A proposito di composizioni seriali, quella di Marcella Campagnano, femminista quasi per definizione, ne L’invenzione del femminile: RUOLI, è certamente una delle immagini più impattanti, con otto file di donne che ad ogni riquadro cambiano abito mantenendo inalterata l’identità. Insomma, produzioni dal messaggio chiaro e dalla visione leggera che mette d’accordo militanti e non, chi agisce collettivamente e chi individualmente. Già, perchè Antonia Mulas, che in quegli anni realizza servizi fotografici di moda e architettura nel mondo collaborando con figure del calibro di Arnaldo Pomodoro e Fausto Melotti, non disdegna una modalità di azione autonoma, portata avanti con uno sguardo originale e alternativo. La testimonianza è nel suo reportage intenso sul Muro di Berlino del 1976, in cui esce dalla classica visione femminista del tempo, ma anche nella serie San Pietro del 1979, dove immortala la monumentale Basilica vaticana con uno sguardo di donna, ammettendolo e sottoscrivendolo nel volume edito da Einaudi che spiega l’eccezionalità del progetto.

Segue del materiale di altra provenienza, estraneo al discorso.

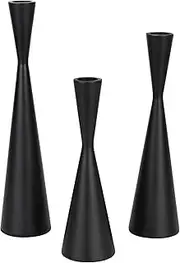[Vixdonos] Taper Candlestick Holders Metal Candle Holders Set of 3 Table Decorative Candle Stand for Wedding, Dinning, Party,Home Decor (Matte Black)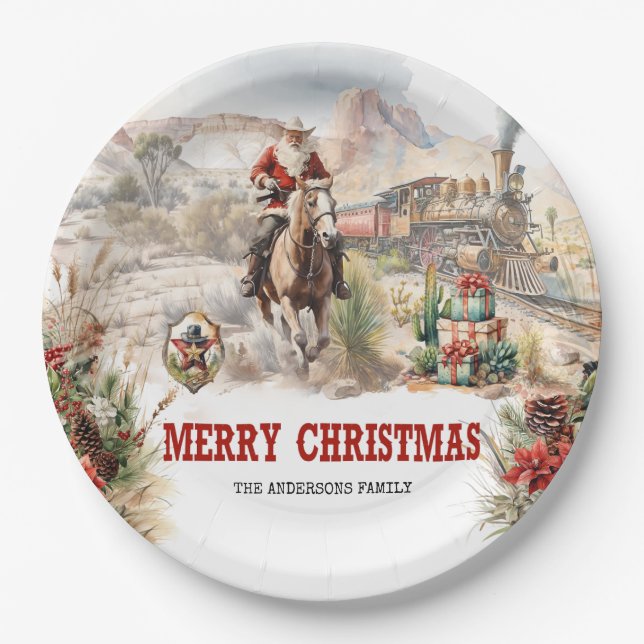 Classic western style with Santa cowboy red train Paper Plates (Front)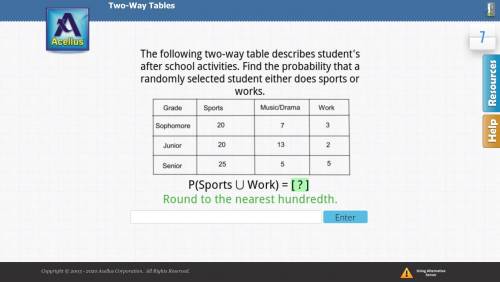The following two-way table describes students after school activities find the probability that a r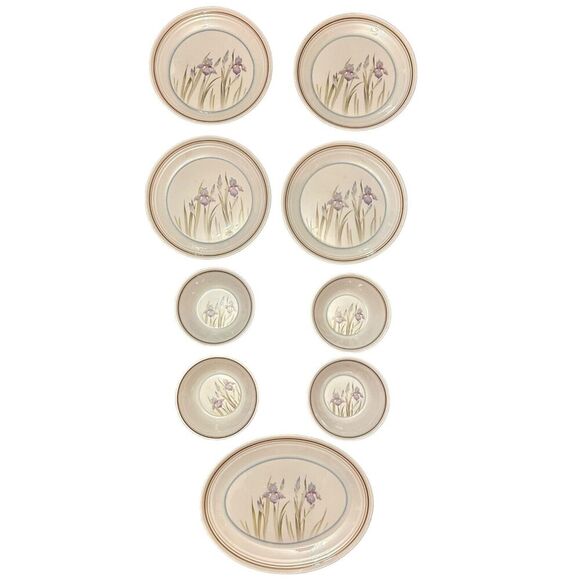 Royal Doulton 9pc set Blue Iris Plate/Bowl Set 9 Piece Made in England - Picture 1 of 16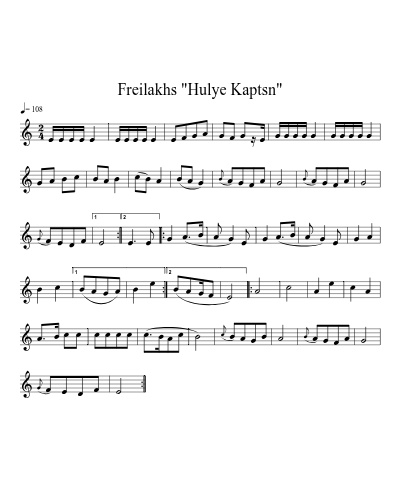 Freilakhs "Hulye Kaptsn" (Version 2)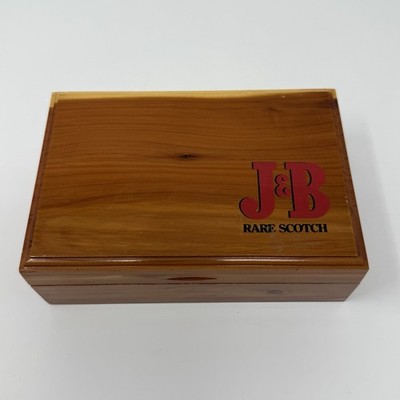 NEW in Box  J&B RARE SCOTCH Playing Cards 2 sealed decks with Wood Cedar Box
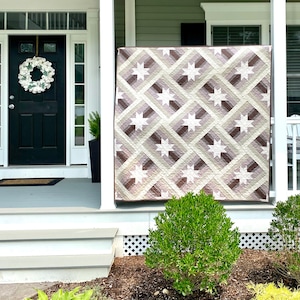 Neutral Slanted Star Quilt kit - Mandi Persell of Sewcial Stitch Kit includes fabric for top & binding Modern quilt Beginner 4 size options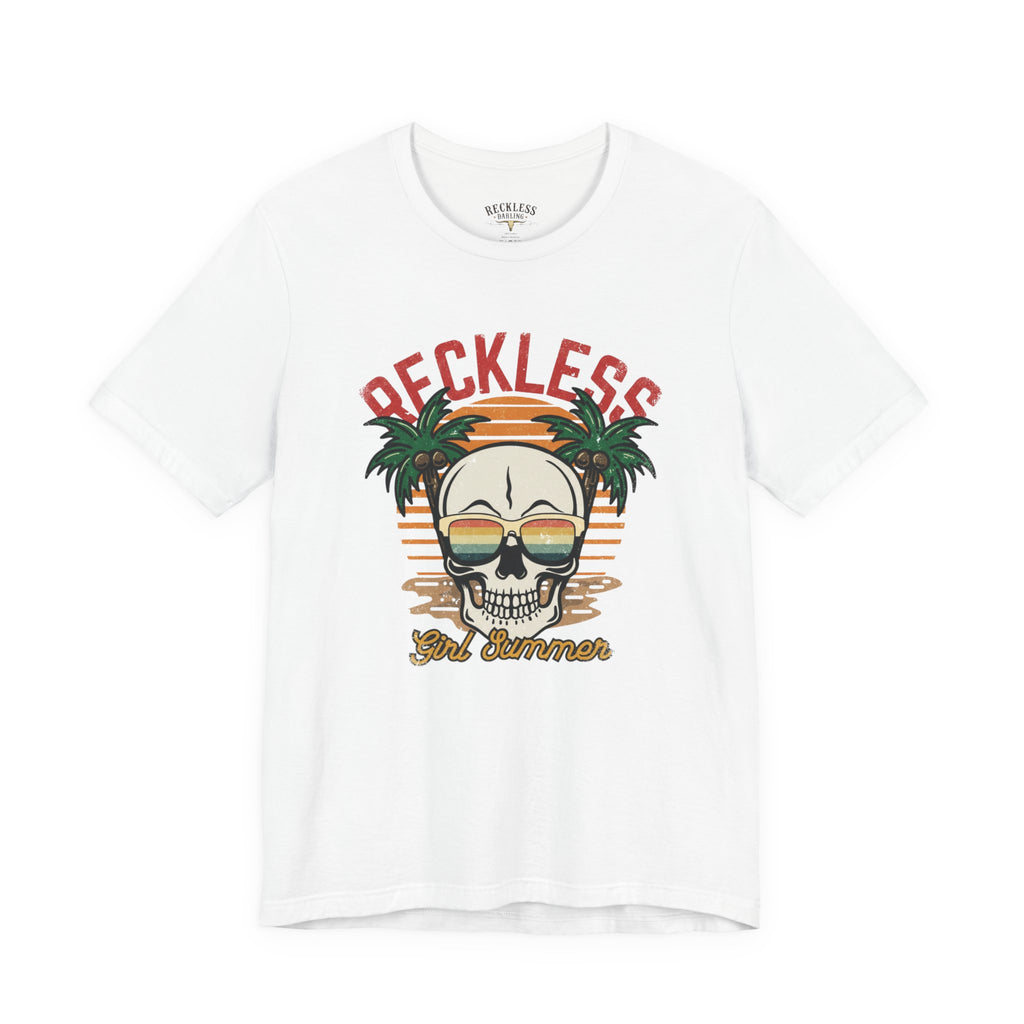 Reckless Summer Skull Tee – Retro Palm Beach Graphic T-Shirt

Ma ad ogni passo nella galleria di via Nerino si presenta uno stimolo ad indagare la vicenda di quella foto o di quel vestito. Già, perchè anche i vestiti possono raccontare molto, scoprirete voi stessi perchè. A coronamento di tutto il percorso, c’è un video-documentario prodotto da MemoMI, la web tv che fa luce sui tesori di Milano, raccontando la città che non c’è più, in cui l’attivista, giornalista e saggista Lea Melandri entra nelle pieghe di quegli anni complessi, contestualizzando lo sfondo storico e sociale della mostra. 
L’evento è organizzato in collaborazione con enciclopediadelledonne.it, editrice del libro-catalogo della mostra (dal 3 settembre disponibile anche in tutte le librerie).

*Ogni mercoledì la Galleria organizza live in diretta sui propri canali social con alcune delle artiste presenti in mostra per esplorare l’allestimento.

Artiste presenti:
Gabriella Benedini, Diane Bond, Marcella Campagnano, Carla Cerati, Mercedes Cuman, Amalia Del Ponte, Fernanda Fedi, Marzia Malli, Paola Mattioli, Libera Mazzoleni, Maria Teresa Meneghini, Elisabeth Scherffig, Silvia Truppi e Collettivo Donne Fotoreporter (Liliana Barchiesi, Kitti Bolognesi, Giovanna Calvenzi, Marisa Chiodo, Marzia Malli, Laura Rizzi, Livia Sismondi).

La mostra è inserita all’interno del programma Palinsesto 2020 “I talenti delle donne” dedicato al protagonismo delle donne nella cultura e nel pensiero creativo, promosso e coordinato da Comune di Milano|Cultura.